Problem requirements. Every line between the one containing "Men's New England" and the last line of the data, both included, is to be set down exactly, and pictures are to be omitted.
*** Exercise material Section Begins ***
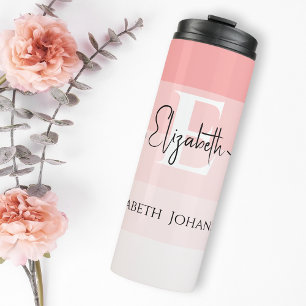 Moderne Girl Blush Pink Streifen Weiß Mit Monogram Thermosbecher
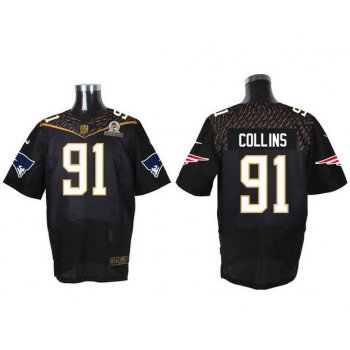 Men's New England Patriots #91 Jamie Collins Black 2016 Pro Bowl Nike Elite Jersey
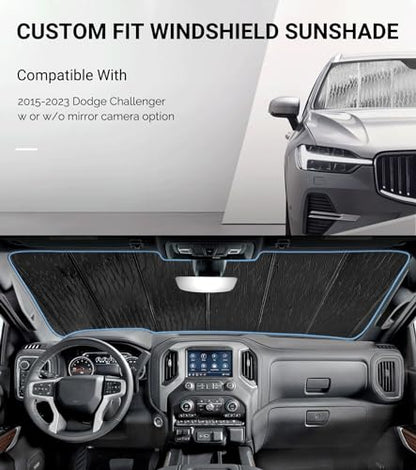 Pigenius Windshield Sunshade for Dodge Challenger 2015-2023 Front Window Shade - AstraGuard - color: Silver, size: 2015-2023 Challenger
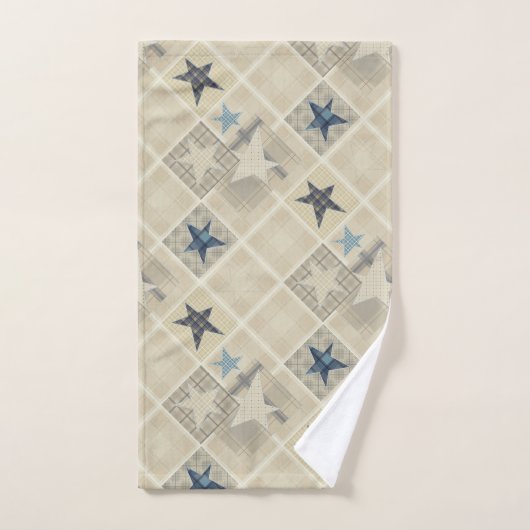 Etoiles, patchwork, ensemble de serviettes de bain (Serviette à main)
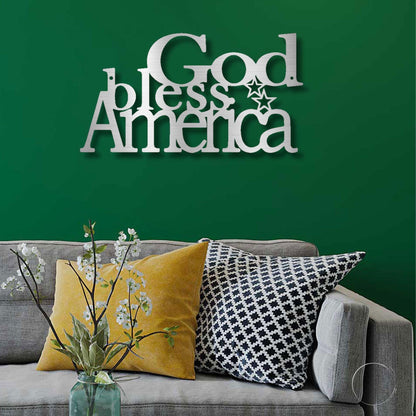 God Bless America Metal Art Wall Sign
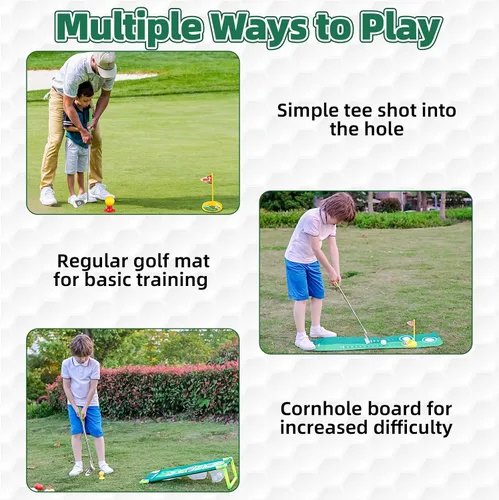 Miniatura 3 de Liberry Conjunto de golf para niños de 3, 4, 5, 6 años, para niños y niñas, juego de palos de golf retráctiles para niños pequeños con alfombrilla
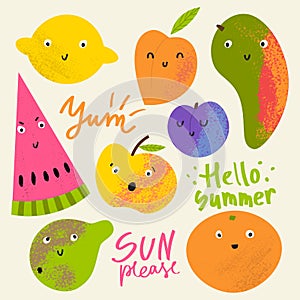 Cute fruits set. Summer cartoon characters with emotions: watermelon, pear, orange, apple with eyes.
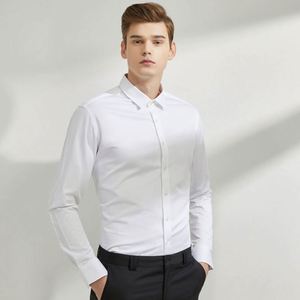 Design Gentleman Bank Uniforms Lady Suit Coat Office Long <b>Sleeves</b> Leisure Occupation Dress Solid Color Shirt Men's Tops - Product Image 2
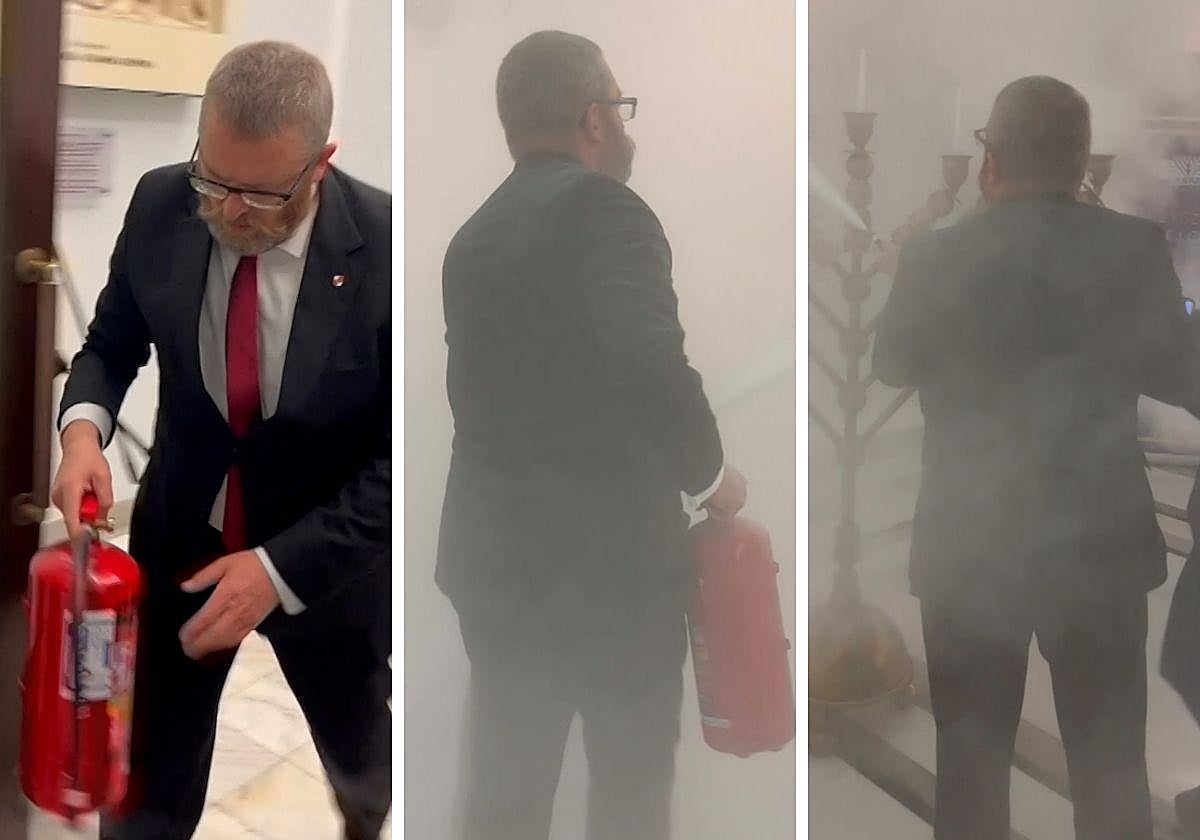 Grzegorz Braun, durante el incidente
*** Exercise material Section Ends ***
Response to this task.
 Men's New England Patriots #91 Jamie Collins Black 2016 Pro Bowl Nike Elite Jersey
 Pigenius Windshield Sunshade for Dodge Challenger 2015-2023 Front Window Shade - AstraGuard - color: Silver, size: 2015-2023 Challenger
 Etoiles, patchwork, ensemble de serviettes de bain (Serviette à main)
 God Bless America Metal Art Wall Sign
 Miniatura 3 de Liberry Conjunto de golf para niños de 3, 4, 5, 6 años, para niños y niñas, juego de palos de golf retráctiles para niños pequeños con alfombrilla
 Cute fruits set. Summer cartoon characters with emotions: watermelon, pear, orange, apple with eyes.
 Design Gentleman Bank Uniforms Lady Suit Coat Office Long <b>Sleeves</b> Leisure Occupation Dress Solid Color Shirt Men's Tops - Product Image 2
 Grzegorz Braun, durante el incidente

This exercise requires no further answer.